Юра-веда, спасибо, меня интересует именно разделение/классификация религий и философий на настика и астика. Попалась раз книга на "Гугл Книгах", в к-рой автор предлагал рассматривать авраамические религии как настика, - то есть как отвергающие Веды, а значит как атеистические.

----------


## Юра-веда

> автор предлагал рассматривать авраамические религии как настика, - то есть как отвергающие Веды, а значит как атеистические.


Говоря в общем целом, в Кали-югу Веды отвергаются всеми - либо полностью, либо частично. Даже у вайшнавов.
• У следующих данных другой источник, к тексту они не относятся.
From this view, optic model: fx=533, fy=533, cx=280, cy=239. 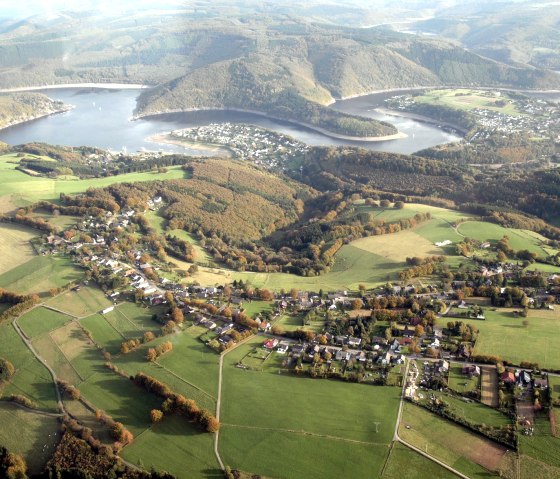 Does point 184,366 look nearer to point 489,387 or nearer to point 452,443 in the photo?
point 452,443

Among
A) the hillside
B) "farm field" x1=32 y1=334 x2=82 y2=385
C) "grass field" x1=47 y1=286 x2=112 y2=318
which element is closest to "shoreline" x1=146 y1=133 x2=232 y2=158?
the hillside

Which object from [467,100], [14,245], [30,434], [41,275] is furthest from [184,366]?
[467,100]

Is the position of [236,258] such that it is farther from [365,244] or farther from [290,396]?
[290,396]

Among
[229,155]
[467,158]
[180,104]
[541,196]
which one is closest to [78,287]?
[541,196]

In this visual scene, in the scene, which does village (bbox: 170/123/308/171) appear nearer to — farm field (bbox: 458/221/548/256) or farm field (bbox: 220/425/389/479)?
Answer: farm field (bbox: 458/221/548/256)

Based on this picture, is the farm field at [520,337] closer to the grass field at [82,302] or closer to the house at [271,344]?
the house at [271,344]

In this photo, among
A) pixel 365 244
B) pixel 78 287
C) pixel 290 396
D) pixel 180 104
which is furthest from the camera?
pixel 180 104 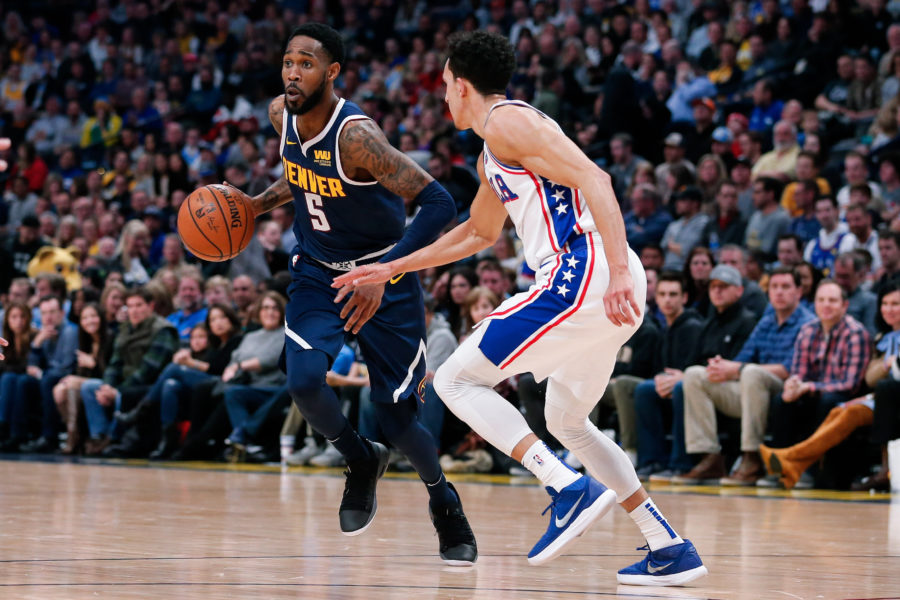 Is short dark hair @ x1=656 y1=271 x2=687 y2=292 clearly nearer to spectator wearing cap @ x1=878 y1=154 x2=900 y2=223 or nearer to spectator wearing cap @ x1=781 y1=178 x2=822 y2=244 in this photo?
spectator wearing cap @ x1=781 y1=178 x2=822 y2=244

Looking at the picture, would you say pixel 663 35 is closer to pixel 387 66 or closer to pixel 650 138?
pixel 650 138

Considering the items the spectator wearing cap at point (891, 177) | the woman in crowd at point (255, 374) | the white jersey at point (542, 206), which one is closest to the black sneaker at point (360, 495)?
the white jersey at point (542, 206)

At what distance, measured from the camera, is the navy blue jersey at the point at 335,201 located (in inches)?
197

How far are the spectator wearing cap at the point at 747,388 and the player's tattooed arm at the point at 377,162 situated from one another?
4298 millimetres

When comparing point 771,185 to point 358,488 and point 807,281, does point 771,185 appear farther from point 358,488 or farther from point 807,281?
point 358,488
Впрочем, отвергать особо уже нечего, ведь сохранилось от Вед всего процентов 6 как говорят разные гуру-махараджи. 
Буддизм вырос из Вед, в нём много чего сохранилось на санскрите - и терминология, и часть мировоззрения и там даже почитают ведических персонажей (Хаягриву, Шиву, Брахму, Вишну, Индру, Ямараджа и др.). Буддизм - больше наука, чем религия. Ламы иногда говорят о Боге, о Всевышнем Источнике. 
Буддизм можно назвать одним из ведических течений. 
...
Библейские течения не только не признают авторитета Вед, так как учат, что это вредное язычество, но и борются с этим (и Ветхий Завет и Коран, призывают к мерам жёсткого искоренения ведизма). ...
Сами евреи были солнцепоклонниками, пока из них не начали делать орудие для мирового господства жречества, корни которого, как считается, уходят в Атлантическую цивилизацию (есть предположение о внеземном демоническом происхождении этих, внешне похожих на людей гуманоидов). 
В общем, на лицо вторжение, распространение которого пролило много крови и уничтожило языческие цивилизации. А ведь они могли дожить до наших дней. Тогда всё было бы по-другому. И экология и общество. Потому что ценности совершенно отличные - отношение ко всему не с позиций индивидуализма-эгоизма (потребительства), где человек - венец и господин на планете, которую надо покорять, а стихии усмирять...
В библейских течениях учений нет понятий веротерпимости. Там хитрые обманные уловки. Например, магометане говорят: "Ислам - религия мира". Но надо понимать, что они имеют в виду не мирное существование, а мировое господство этой специфической морали.

----------


## Ruslana

Веды – это наиболее известные священные писания индуизма. Считается, что у Вед нет автора, и что они были "ясноуслышаны" святыми мудрецами далёкого прошлого, а спустя много тысячелетий, когда из-за духовного падения человечества с наступлением кали-юги всё меньшее количество людей стремилось изучать Веды и передавать устно (как того требовала традиция) из поколения в поколение, Ведавьяса ("веды скомпилировавший") структурировал остававшиеся доступными в то время священные писания и организовал их запись, оформив эти тексты в четыре Веды: Ригведа, Самаведа, Яджурведа и Атхарваведа.

----------


## Vrinda devi dasi

> Считается, что у Вед нет автора, и что они были "ясноуслышаны" святыми мудрецами далёкого прошлого


Веды были написаны самим Господом (его воплощением) или его доверенными слугами - чистыми преданными, а потому Веды считаются литературным воплощением Кришны.

----------


## Ivan (гость)

> Веды были написаны самим Господом


может быть и так, но почему-то я Ригведе по отношению к богам, (как например Варуна) используется слово "асура"

----------